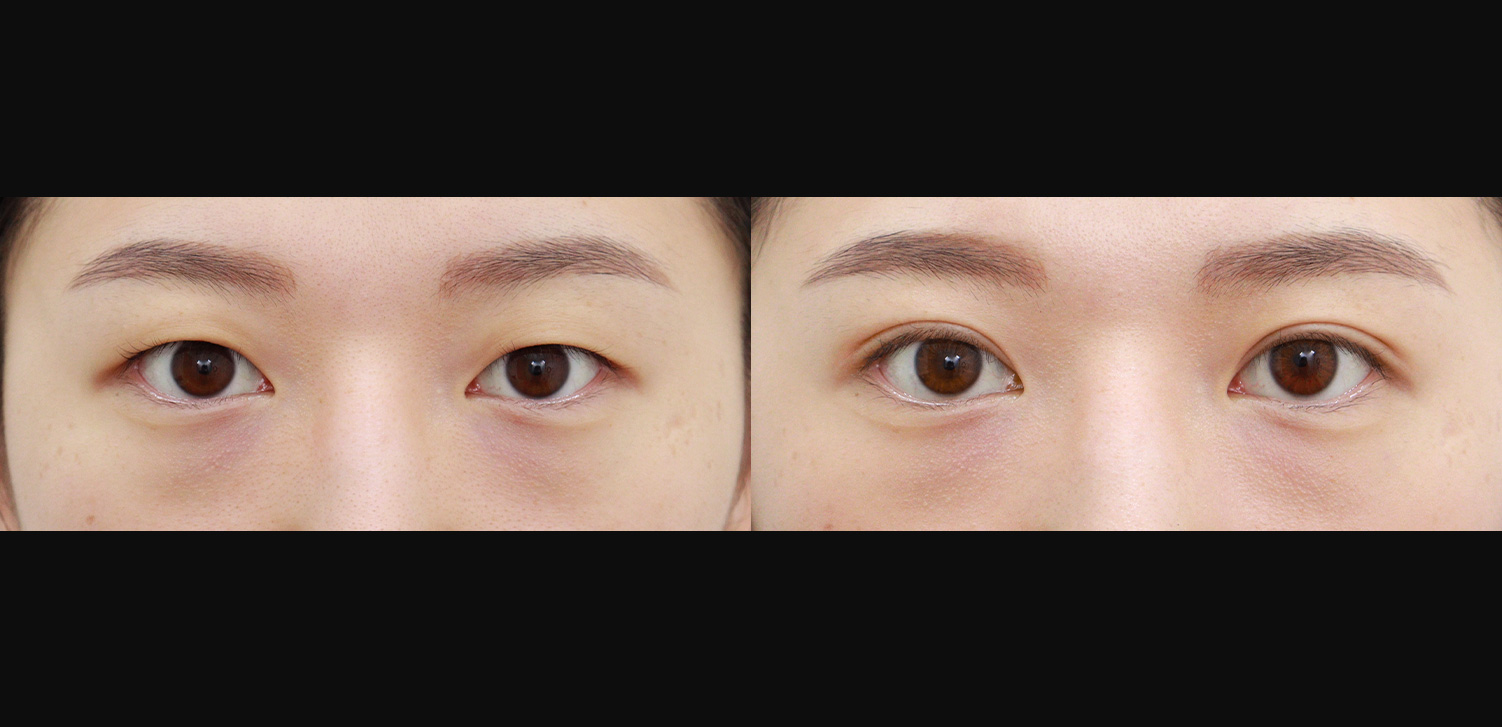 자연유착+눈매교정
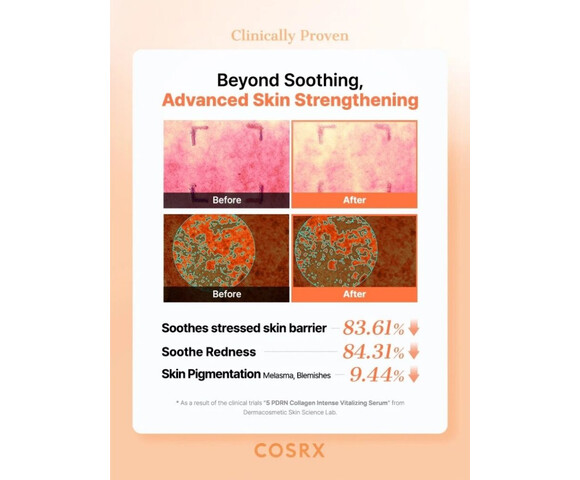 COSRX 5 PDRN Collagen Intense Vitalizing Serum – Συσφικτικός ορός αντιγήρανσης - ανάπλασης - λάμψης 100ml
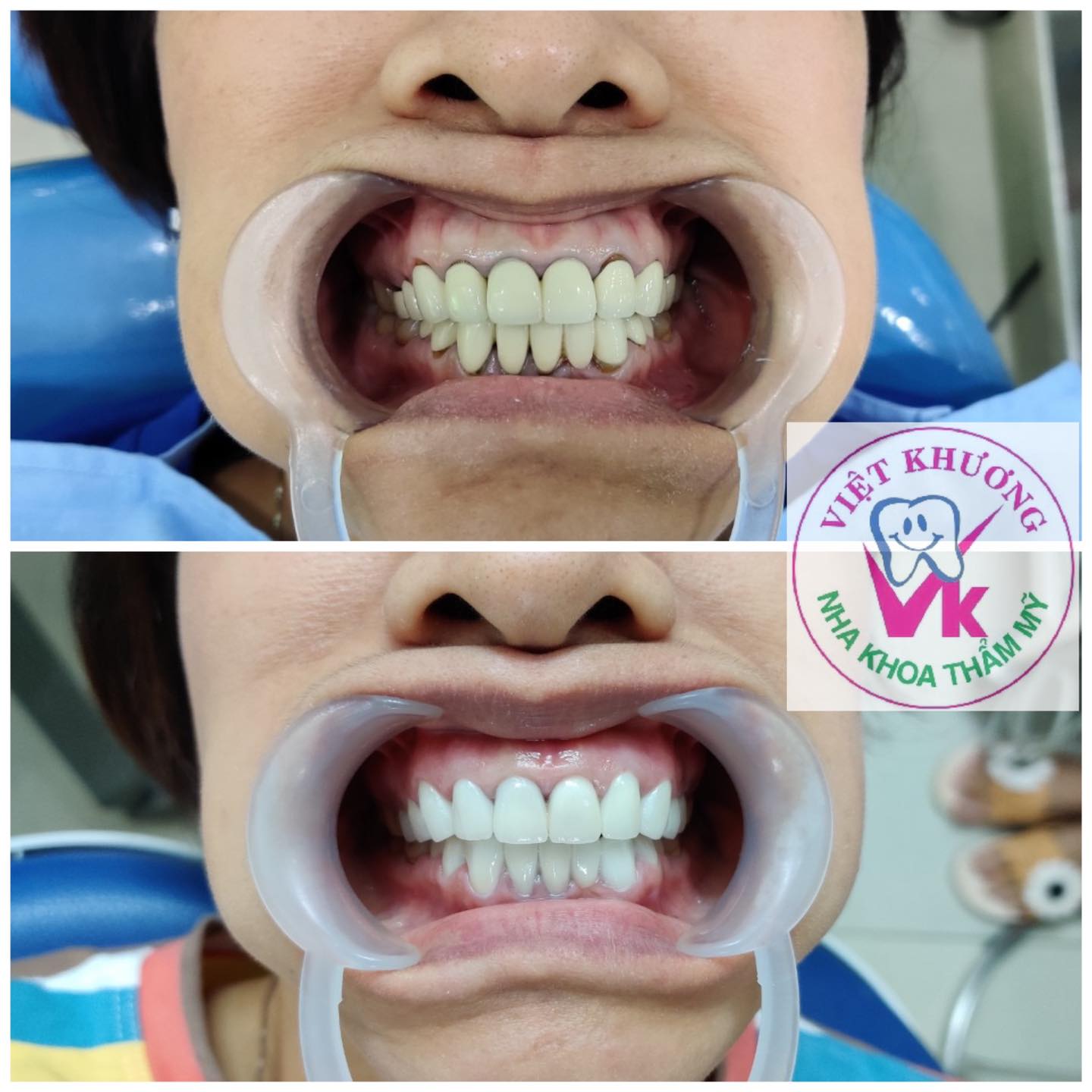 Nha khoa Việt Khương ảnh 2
--
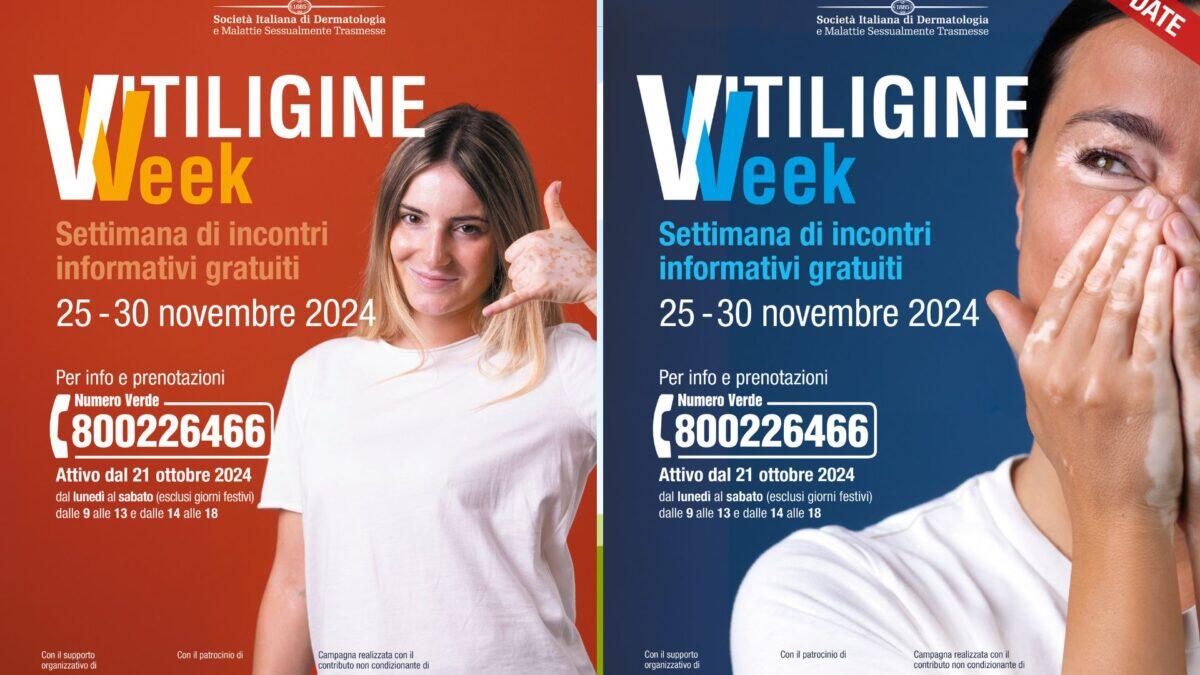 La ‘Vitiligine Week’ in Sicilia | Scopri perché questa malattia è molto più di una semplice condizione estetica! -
---
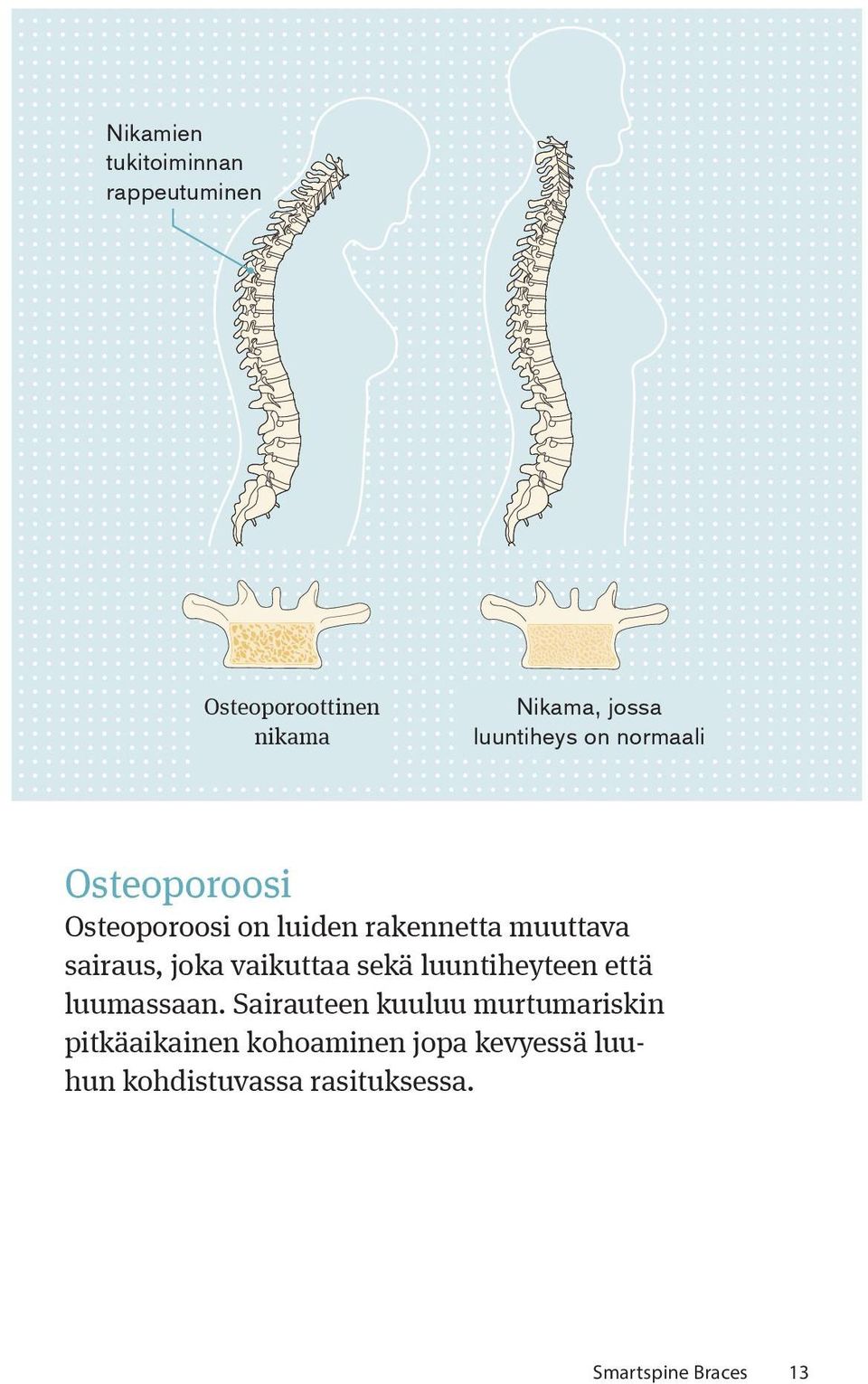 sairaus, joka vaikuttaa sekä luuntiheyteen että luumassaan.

→ EXERCISE AIM:
From the records above, transcribe exactly the lines starting at the one containing "COSRX 5 PDRN" and ending at the one containing "Nha khoa Việt Khương ảnh 2". Skip the pictures.

→ SOLUTION TO THE PROBLEM:
 COSRX 5 PDRN Collagen Intense Vitalizing Serum – Συσφικτικός ορός αντιγήρανσης - ανάπλασης - λάμψης 100ml
 Nha khoa Việt Khương ảnh 2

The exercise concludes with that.